Expat community. Neither city has a large, organized expat community. There are expats in both who get together on occasion, but otherwise are blended into the community. If you want to live among North Americans and speak mostly English, you have better beach resort choices.
Access. Both of these coastal cities get poor marks on this score. For Uruguay, you'd fly to Montevideo. The nearest major airport in Chile is in Santiago. Both those flights are about nine and a half hours from Miami. Then, from the international airport, you'd travel two hours by car to reach your destination.
Crime and safety. Punta del Este and Viña del Mar are both safe cities in countries with honest cultures. I'd give Punta del Este the edge here, because it's small and wealthy, but without enough of an edge to be a deal breaker.
While these two top choices for coastal resort retirement living are similar in many ways, there are several important ways that they're different:
Image. Punta del Este is better known and more prestigious than Viña del Mar. It attracts famous people. This tends to inflate the prices, so unless it's important that you see Michael Caine on the beach or bump into Shakira in the grocery store, Punta's notoriety isn't an advantage and could be a negative.
City services. Viña del Mar is more of a full-service city, with a population of more than 300,000. Punta del Este is more of a tourist destination. Only when considered together with the adjacent city of Maldonado (population 62,000) can Punta del Este be considered to provide a full complement of services for day-to-day living.

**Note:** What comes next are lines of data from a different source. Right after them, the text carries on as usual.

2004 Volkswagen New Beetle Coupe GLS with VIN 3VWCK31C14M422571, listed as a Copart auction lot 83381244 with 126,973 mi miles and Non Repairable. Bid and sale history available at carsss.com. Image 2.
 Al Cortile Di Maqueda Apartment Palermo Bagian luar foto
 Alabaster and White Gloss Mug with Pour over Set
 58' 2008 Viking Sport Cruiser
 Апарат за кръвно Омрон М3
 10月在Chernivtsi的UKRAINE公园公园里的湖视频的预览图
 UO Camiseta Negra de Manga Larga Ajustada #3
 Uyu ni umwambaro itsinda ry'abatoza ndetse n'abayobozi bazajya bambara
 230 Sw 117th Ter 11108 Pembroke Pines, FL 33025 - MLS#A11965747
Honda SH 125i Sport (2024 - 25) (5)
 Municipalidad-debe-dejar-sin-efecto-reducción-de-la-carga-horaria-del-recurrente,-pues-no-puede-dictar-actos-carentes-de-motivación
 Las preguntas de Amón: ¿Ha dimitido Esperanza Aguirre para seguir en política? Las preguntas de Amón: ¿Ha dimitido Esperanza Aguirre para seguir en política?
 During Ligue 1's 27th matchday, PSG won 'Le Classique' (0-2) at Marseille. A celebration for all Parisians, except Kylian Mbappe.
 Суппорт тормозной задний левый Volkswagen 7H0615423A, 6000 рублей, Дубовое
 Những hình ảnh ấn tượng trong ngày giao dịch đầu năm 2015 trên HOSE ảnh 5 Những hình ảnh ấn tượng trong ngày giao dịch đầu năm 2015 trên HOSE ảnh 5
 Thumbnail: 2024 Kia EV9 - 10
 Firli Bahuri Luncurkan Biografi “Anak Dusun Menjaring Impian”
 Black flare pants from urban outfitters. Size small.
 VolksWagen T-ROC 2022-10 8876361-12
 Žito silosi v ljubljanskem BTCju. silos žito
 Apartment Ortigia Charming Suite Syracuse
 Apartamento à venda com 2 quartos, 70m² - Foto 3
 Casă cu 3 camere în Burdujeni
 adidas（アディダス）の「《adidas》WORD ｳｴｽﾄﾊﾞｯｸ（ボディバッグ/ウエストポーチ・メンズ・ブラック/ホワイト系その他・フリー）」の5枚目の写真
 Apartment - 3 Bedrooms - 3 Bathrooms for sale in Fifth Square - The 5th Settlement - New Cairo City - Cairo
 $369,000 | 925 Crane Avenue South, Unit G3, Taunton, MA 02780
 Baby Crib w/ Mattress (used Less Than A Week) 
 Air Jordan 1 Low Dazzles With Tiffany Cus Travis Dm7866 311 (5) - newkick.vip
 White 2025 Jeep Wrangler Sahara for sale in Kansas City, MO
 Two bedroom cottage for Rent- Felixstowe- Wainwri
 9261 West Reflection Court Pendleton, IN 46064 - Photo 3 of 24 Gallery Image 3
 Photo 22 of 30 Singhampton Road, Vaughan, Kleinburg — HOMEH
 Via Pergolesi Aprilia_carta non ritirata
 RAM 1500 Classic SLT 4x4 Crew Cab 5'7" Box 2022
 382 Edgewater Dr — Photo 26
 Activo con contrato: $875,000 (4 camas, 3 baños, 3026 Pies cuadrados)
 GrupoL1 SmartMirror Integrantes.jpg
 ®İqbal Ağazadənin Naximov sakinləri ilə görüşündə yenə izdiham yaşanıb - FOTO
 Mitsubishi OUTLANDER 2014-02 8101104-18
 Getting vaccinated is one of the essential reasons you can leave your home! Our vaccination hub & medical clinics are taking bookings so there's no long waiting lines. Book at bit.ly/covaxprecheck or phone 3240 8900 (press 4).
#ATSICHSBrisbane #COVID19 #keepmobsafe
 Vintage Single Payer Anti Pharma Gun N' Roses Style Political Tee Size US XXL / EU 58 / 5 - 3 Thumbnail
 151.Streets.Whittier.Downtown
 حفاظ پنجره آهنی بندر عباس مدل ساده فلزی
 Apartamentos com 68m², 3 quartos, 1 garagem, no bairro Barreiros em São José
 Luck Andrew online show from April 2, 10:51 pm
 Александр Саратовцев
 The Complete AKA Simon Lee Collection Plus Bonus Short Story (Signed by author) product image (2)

Punta del Este has a full-time population of around 10,000, but receives 500,000 summertime visitors from around the world, so the seasonal change is far greater than in Viña del Mar. And while Viña del Mar is open all year, life in Punta del Este slows down considerably during the winter months of June through September, with some businesses closed. Some retirees living here might love it when the tourists go home, while others will find it overly quiet.
Beaches. The beaches are world class in both cities and a big part of the appeal in each case. However, the beaches are arguably better in Punta, and there are more of them. In addition, in Punta, you'll almost definitely be living within close walking distance of a beach. In Viña del Mar, the beaches are one aspect of a large, multi-faceted city.
Language. Thanks to the booming tourist industry, more people speak English in Punta than in Viña del Mar. That said, you'll need to learn at least some Spanish to enjoy either of these cities to its fullest.
Health care. Health care services are available in both cities. However, because Viña del Mar is a bigger city, it boasts more and bigger health care facilities. Living in Punta del Este, you'd travel to Montevideo, two hours away, for major care.
Residency. While the process is straightforward in both countries, it is easier to obtain residency in Chile than in Uruguay. Both countries offer a residency option with a path to citizenship, if that is of interest to you.
Remember, establishing legal residency is only necessary if you want to live in a country beyond the term allowed to a tourist. If you reside in Uruguay or Chile only part time, you don't have to worry about becoming a legal resident.
Cost of living. The cost of living is lower in Viña del Mar than in Punta del Este, especially at today's exchange rates. Your day-to-day costs will be about 25 percent cheaper in Viña del Mar overall.
Cost of real estate. Housing also costs less in Viña Del Mar. In addition, the property market in Viña is more diverse and includes a bigger percentage of homes suitable for full-time living. However, Punta del Este offers a greater inventory of beach properties and can be a more liquid market. This means it would be easier to find a buyer for your property if and when you decide to sell.
Punta del Este has three major beach areas: the Peninsula, Playa Mansa and Playa Brava. The beaches are better on the Playa Brava side of the Peninsula, and the waves are bigger. On the Playa Mansa side, the beaches aren't as nice, but the water is calmer. If you're looking for a house for full-time or long-term living, Mansa could be the better choice.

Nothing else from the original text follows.